══ Supplied entries ══

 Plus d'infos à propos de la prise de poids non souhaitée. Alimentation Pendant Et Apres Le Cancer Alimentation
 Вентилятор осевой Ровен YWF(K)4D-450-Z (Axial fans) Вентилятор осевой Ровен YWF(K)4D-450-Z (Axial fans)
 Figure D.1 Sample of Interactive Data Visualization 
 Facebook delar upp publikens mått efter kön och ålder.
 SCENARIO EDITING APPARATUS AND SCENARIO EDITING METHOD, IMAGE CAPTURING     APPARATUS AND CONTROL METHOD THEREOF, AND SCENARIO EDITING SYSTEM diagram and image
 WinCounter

═══
══ Supplied entries ══

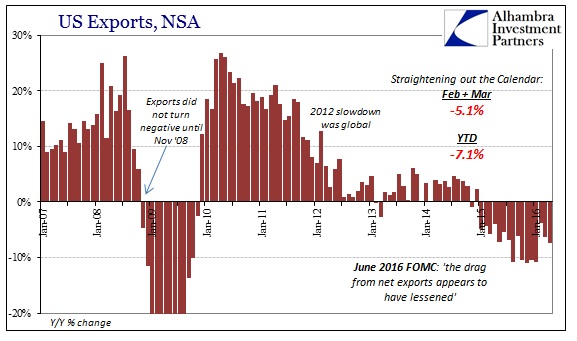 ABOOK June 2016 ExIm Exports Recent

═══

Activity – Using the entries shown above, reproduce verbatim the lines from the line bearing "Plus d'infos à" to the line bearing "Facebook delar upp", inclusive.

Task solution –
 Plus d'infos à propos de la prise de poids non souhaitée. Alimentation Pendant Et Apres Le Cancer Alimentation
 Вентилятор осевой Ровен YWF(K)4D-450-Z (Axial fans) Вентилятор осевой Ровен YWF(K)4D-450-Z (Axial fans)
 Figure D.1 Sample of Interactive Data Visualization 
 Facebook delar upp publikens mått efter kön och ålder.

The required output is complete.